We identified 10 proteins that were associated with both the risk of prostate cancer and that were the site of action for a known drug. These included TNFRSF10B, which is a receptor for the cytotoxic TRAIL ligand, and is essential for CASP8 and ER stress induced apoptosis.56 Further, TNFRSF10B expression is lower in higher grade prostate tumors and a recent study of PARP inhibitors in prostate cancer cell lines suggested that TNFRSF10B may provide a mechanism by which the cancer drug Olaparib induces apoptosis.57 The apparent protective association we observe with prostate cancer risk is in line with the results from multiple phase I/II trials of TNFRSF10B agonists that support their use for the treatment of multiple cancer endpoints, though not yet including prostate cancer. 5759

We also identified an inverse association of PLG, a serine protease targeted by transexamic acids and several classes of thrombolytics, with prostate cancer risk overall and with early onset disease. Transexamic acids are primarily prescribed to control excessive bleeding while thrombolytics are primarily used to dissolve blot clots and act via plasmin and fibrin pathways.60 One molecular study found that PLG is generated by the cancer-mediated proteolysis of plasminogen which is released by human prostate carcinoma cells.61 PLG in turn has been shown in many lab studies to inhibit angiogenesis which when unregulated can lead to the rapid formation of tumors.62,63 Currently, several studies investigated combination therapy including plasminogen activation or inhibition for treatment of several cancer types, though not specifically for prostate cancer, in phase I/II trials.64,65

SERPINA1 maps to fazisiran, the treatment for alpha-1 antitrypsin deficiency and that is in phase II/III of drug trials. Previous findings have indicated that alpha-1 antitrypsin levels are often elevated in many carcinomas, including prostate.66 However, no agents targeting SERPINA1 have been investigated in cancer trials thus far. MMP7 belongs to a class of matrix metalloproteinases that participate in wound healing, bone growth, and matrix remodeling.
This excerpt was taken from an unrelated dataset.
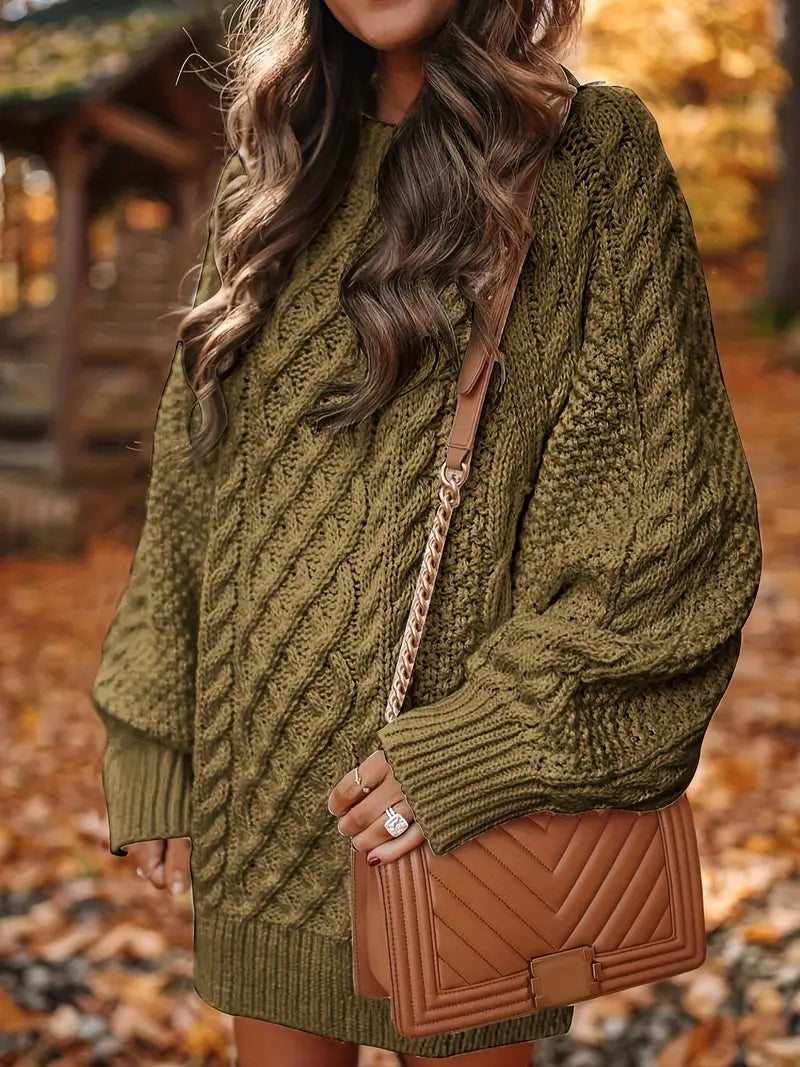 DOMINIQUE™ | ROBE PULL TORSADÉE EN TRICOT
There are multiple lines of evidence that this protein is involved in many cancers, and agents targeting metalloproteases, such as marimastat, are currently being investigated in clinical trials at various phases.67 In prostate cancer, marimastat showed some efficacy in early trials, however has not yet progressed further.68

While we highlight proteins that may share the same target site for established drug targets that may have implications for therapeutic use, the suitability of these to act as preventative or remedial agents requires careful considerations including the site specificity, potential downstream effects, routes of administration and effectively capturing the population at risk.69

Strengths and weaknesses

This study offers several strengths including being the largest currently available GWAS of prostate cancer outcomes and the use of both aggressive and early onset endpoints with cis-pQTL covering up to 2,002 proteins. One previous MR study investigated the role of the circulating proteome in prostate cancer risk but did not stratify analyses by cis or trans- pQTL, and did not perform colocalization analyses, making it more challenging to infer causal relationships between individual proteins and cancer risk.48 Additionally, by integrating gene expression data measured using spatial transcriptomics, the current paper introduces a novel translational approach to highlight biological enablers of prostate cancer. To our knowledge, this study provides the first demonstration that MR using cis instruments of plasma protein levels can be used to identify a risk protein that has both specific expression in the cell of cancer origin and is related to tumor aggressiveness – important features to consider when identifying candidate targets for therapeutic prevention.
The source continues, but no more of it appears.